Exercise goal:
Each line below from the one containing "Giảng viên vũ" through the one containing "Luca Pant || Latte" is to be given again exactly, and no line outside that span.

Brief descriptive captions:

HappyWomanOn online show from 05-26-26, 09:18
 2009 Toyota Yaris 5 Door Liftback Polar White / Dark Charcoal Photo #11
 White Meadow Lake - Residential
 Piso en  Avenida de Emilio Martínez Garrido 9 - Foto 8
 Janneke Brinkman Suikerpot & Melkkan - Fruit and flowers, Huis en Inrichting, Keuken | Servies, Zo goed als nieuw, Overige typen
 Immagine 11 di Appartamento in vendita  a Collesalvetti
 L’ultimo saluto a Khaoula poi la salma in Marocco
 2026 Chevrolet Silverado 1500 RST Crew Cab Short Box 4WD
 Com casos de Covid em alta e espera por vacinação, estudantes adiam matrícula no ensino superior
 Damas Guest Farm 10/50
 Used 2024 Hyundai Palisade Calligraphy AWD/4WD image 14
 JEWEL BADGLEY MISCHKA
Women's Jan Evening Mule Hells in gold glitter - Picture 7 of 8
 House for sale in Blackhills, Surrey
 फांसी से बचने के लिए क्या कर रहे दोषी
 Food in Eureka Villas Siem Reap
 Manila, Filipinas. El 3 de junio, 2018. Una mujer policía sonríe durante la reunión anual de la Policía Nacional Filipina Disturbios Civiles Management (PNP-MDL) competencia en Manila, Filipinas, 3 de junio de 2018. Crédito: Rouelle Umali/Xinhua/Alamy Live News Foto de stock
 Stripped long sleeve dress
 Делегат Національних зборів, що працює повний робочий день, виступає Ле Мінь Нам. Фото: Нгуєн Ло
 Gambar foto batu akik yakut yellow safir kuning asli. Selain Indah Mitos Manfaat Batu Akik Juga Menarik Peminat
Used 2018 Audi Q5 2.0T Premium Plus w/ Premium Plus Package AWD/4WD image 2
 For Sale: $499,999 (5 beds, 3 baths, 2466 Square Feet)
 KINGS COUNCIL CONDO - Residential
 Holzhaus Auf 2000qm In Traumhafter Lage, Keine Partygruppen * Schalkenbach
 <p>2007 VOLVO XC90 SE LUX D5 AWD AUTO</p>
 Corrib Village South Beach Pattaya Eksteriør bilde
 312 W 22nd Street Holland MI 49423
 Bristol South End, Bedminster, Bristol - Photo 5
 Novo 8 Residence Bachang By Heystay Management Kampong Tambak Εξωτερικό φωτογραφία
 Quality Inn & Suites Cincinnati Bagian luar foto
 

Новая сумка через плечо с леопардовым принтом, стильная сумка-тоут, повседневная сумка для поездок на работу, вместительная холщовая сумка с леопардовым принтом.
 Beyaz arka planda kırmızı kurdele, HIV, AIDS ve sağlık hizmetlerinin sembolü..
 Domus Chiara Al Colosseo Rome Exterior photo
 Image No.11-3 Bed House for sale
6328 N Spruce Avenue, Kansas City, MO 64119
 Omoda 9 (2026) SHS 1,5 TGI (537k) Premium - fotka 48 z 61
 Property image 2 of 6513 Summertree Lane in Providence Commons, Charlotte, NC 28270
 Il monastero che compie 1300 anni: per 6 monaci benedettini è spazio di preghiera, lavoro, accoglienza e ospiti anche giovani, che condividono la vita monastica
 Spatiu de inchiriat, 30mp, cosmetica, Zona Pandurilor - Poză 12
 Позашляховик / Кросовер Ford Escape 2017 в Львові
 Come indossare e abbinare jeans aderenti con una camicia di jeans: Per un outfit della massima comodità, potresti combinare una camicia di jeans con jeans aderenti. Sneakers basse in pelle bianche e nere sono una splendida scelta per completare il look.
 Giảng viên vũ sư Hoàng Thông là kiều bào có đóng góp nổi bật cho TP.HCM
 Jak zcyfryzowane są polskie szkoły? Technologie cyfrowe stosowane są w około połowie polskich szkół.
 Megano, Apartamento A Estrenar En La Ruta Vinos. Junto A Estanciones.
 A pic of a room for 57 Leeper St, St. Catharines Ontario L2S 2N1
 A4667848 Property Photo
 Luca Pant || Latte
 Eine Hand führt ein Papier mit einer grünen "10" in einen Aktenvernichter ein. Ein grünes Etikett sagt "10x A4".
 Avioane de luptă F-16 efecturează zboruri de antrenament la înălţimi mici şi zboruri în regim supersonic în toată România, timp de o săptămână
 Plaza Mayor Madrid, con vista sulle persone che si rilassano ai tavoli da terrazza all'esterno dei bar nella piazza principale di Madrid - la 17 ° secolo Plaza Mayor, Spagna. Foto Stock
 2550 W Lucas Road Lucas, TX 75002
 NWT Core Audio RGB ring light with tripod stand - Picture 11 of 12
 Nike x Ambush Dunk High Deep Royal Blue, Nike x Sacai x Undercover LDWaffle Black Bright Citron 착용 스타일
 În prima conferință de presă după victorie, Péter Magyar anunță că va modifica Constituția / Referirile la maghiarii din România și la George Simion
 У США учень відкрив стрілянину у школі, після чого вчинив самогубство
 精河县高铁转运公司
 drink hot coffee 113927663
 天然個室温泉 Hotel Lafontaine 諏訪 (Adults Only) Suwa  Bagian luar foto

Exercise output:
 Giảng viên vũ sư Hoàng Thông là kiều bào có đóng góp nổi bật cho TP.HCM
 Jak zcyfryzowane są polskie szkoły? Technologie cyfrowe stosowane są w około połowie polskich szkół.
 Megano, Apartamento A Estrenar En La Ruta Vinos. Junto A Estanciones.
 A pic of a room for 57 Leeper St, St. Catharines Ontario L2S 2N1
 A4667848 Property Photo
 Luca Pant || Latte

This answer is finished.